But after Edward had reigned a few years he lent willing ear to the requests of the Merchant Adventurers, all the more readily that their petitions were supported by Sir Thomas Gresham, the honoured founder of the London Exchange. This man made clear to the young king and his guardian, the Duke of Northumberland, that unless the Steelyard were destroyed, the price of exchange could not rise, because the fiscal privileges accorded to the Hansa weighed too heavily upon the English. Besides this, the men of the Steelyard were subjects of the emperor, whom the young Protestant king hated as a persecutor of his fellows in the purer faith.
Still the Hansa suspected no real danger from King Edward, and the less so, as they had completely acceded to his desire that they should abstain from all trade with Scotland. In April, 1551, a plot laid against the hated and envied strangers by the London burghers was discovered. In the course of the inquiry into the plot, it was needful to examine the Hansa's claims. Confiding in the goodwill of the king's councillors, the "New Hansa," as Sir Thomas Gresham called the Merchant Adventurers, poured forth a long catalogue of grievances against the League.
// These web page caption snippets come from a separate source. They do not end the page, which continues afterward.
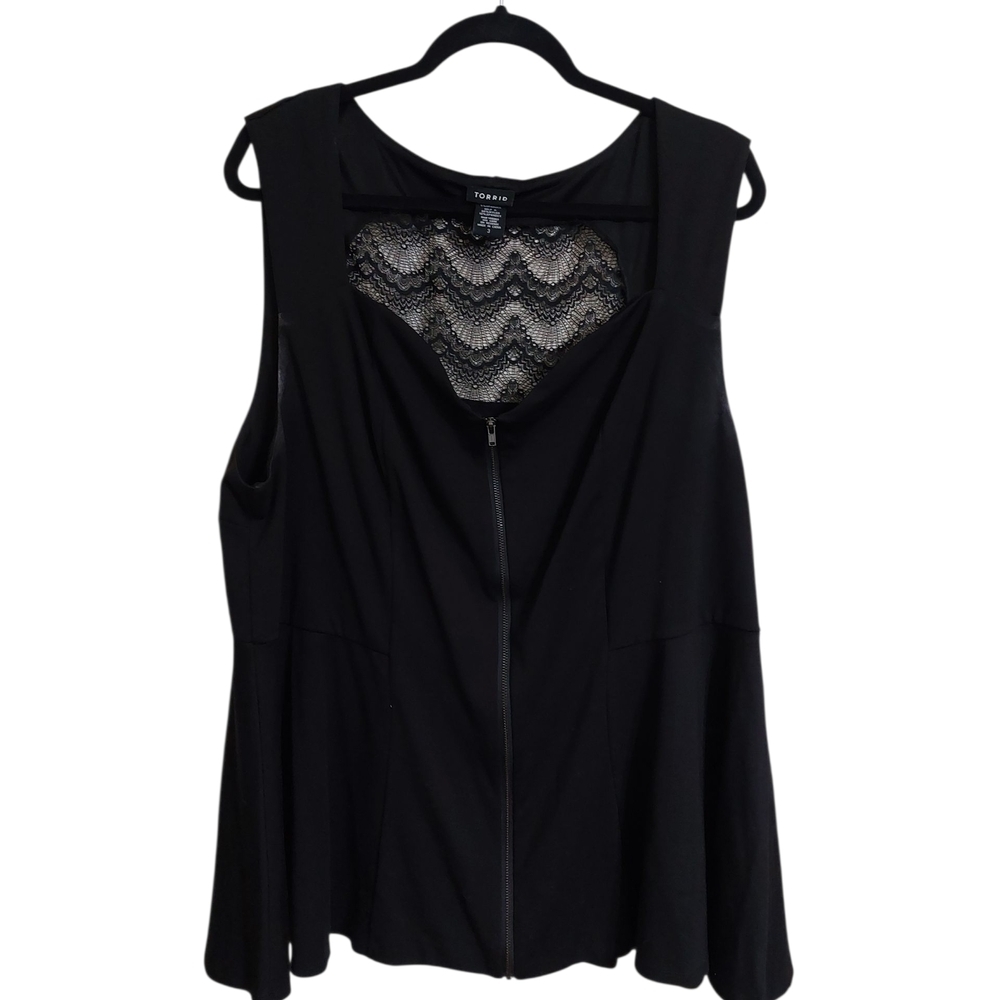 Torrid Black Sleeveless Top with Lace Accent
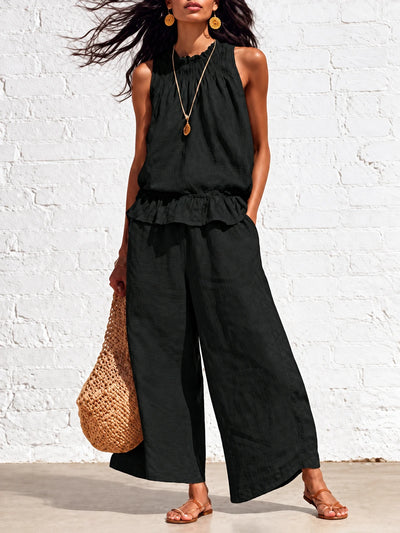 Women's Cotton Linen Two Piece Set with Top and Wide Leg Pants in Black - product view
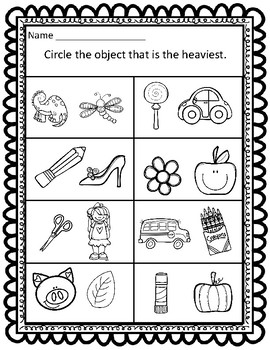 Preview of Sort by Property: Weight CCSS Aligned Worksheets FREEBIE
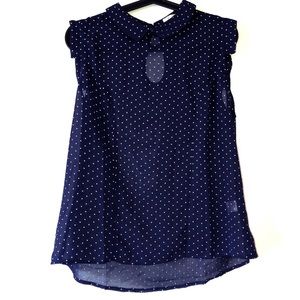 Blue & White Poka dot Blouse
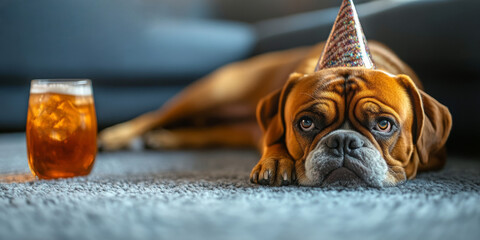 A sad-looking dog wearing a party hat lies beside a glass of iced tea on carpet. Ideal for pet blogs, humor sites, or content on birthdays, celebrations, and canine emotions.

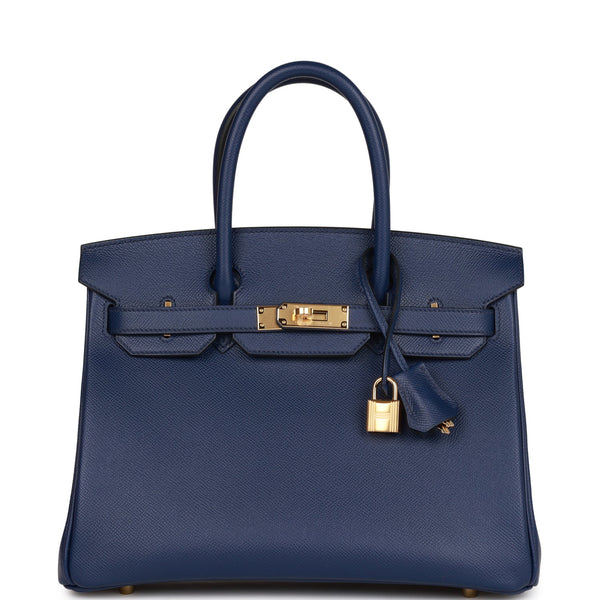 Hermes Birkin 30 Bag Blue Paradis Epsom Leather with Gold Hardware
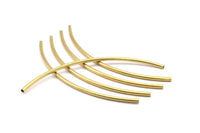 Raw Brass Tube, 12 Raw Brass Curved Tubs (3x110mm) Bs 1419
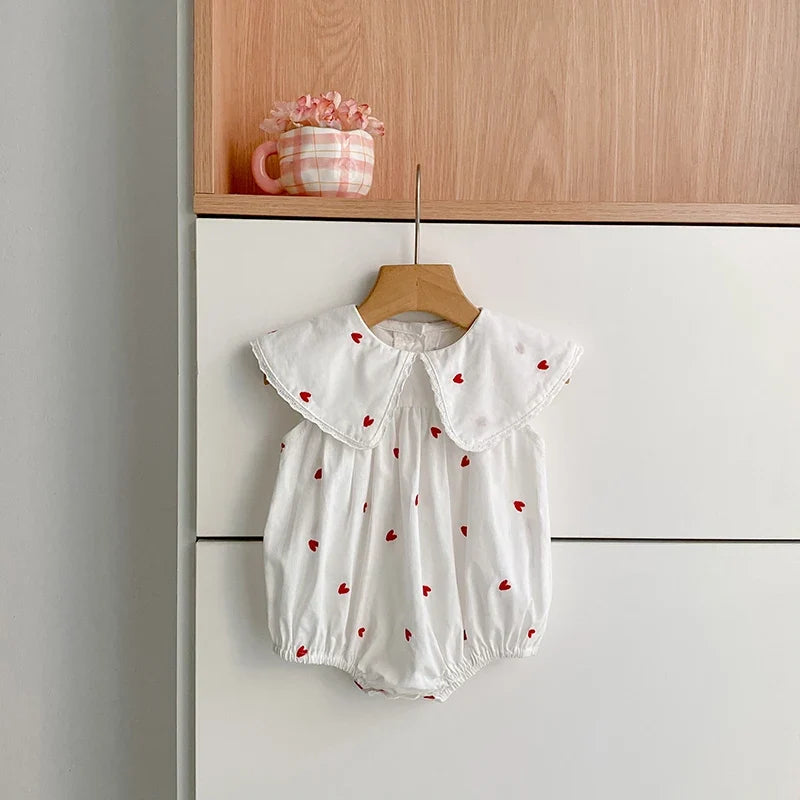 Heart Print Flap Romper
It was stated that English merchants had been ill-treated in various Hansa cities, notably in Danzig and Stralsund; that the commerce of the English was hindered in all possible ways; and that serious loss was incurred by the royal treasury from the circumstance, suspected to be true, that the Hansa permitted persons foreign to their association to enjoy with them the benefit of their privileges.
In the list of complaints retailed before the king by the discontented burghers and merchants of London, and by the Merchant Adventurers who found themselves less favoured than these foreigners, an attempt was evident on the part of the English to place on one footing and to consider as equally prohibited, the fraudulent importation by the Germans of merchandise belonging to non-Hanseatics, and the importation by them of merchandise which belonged to them, but was not produced in their territory.
The fact was urged that, since the Hansa paid only the usual custom dues, even for the foreign products they imported, and for their exportation of English goods to lands outside the rule of the Hanseatic League, they were thus able to paralyse with the greatest facility all English competition in these different lands.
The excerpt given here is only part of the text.